Verses covered in this passage:

  • Matthew 10:21
  • Matthew 10:22

Jesus puts the disciples on notice that there is a high cost to following Him but there is great reward for those who endure it to the end.

The parallel gospel accounts of this teaching are found in Mark 13:12-13 and Luke 21:16-17.

Jesus lets the twelve know that the cost of following Him will not only result in physical pain. It will also cost them their families and their lives. Brother will betray brother to death, and a father his child; and children will rise up against parents and cause them to be put to death. Jesus is telling them that if they are to follow Him their commitment will lead to some hard choices. And it is better for them to decide now before those difficulties come to continue down this path. Christ is functionally asking them: Are you willing to be betrayed by your own brother, father, or child for My sake? And if they are not willing to endure these hardships, including death at the betrayal from their own family, then they should not follow Him. Jesus selected zealots who would die for the cause, but is making it clear to them the cost of following Him.

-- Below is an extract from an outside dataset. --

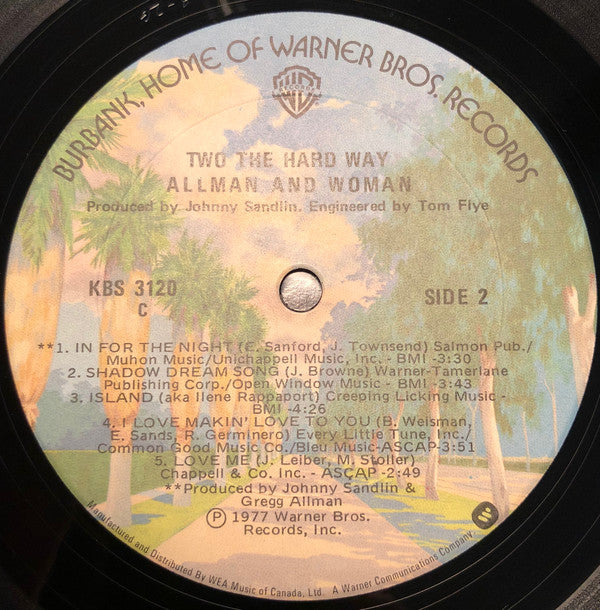 Allman And Woman – Two The Hard Way - 1977-  Electronic, Rock, Funk / Soul, Blues, Pop Style: Southern Rock (Vinyl)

He continues, You will be hated by all because of My name. God’s kingdom is at total odds with the world’s kingdom. As Jesus taught in the Sermon on the Mount, “No one can serve two masters” (Matthew 20:24). Christ calls us to love God by obeying His commands, seeking His righteousness and harmony with Him, and using our time and talents to generously serve other people’s needs and interests without expectation of their reward, but seeking reward from God. The kingdom’s time horizon is eternal, and its focus is spiritual.

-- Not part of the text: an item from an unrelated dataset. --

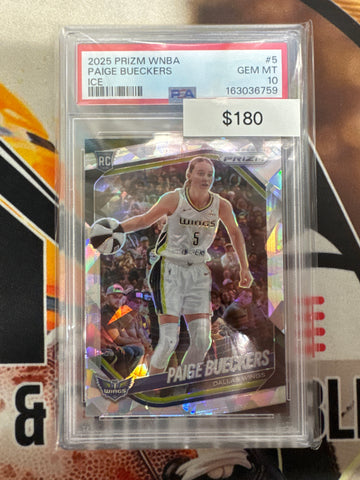 2025 Panini Prizm WNBA Paige Bueckers Rookie Cracked Ice PSA 10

The world is the opposite. It demands that we love it by slavishly following its patterns, seeking its version of righteousness and harmony with its twisted standards. The world says to exploit; to take advantage of people through manipulation and force to get what you want at the expense of others. Rejecting the world to live in Christ’s name will bring hatred from all who are in the world. When the light of truth shines on darkness, the darkness returns hate. The world’s time horizon is now, and its focus is on satisfying physical appetites.

But Jesus promises that the one who has endured this hatred and persecution to the end of their lives will be saved. This is only the fifth time that “sozo” (G4982), the Greek word translated “saved,” has been used in Matthew’s gospel. When we see “sozo” it is best to ask “what is being delivered from what?”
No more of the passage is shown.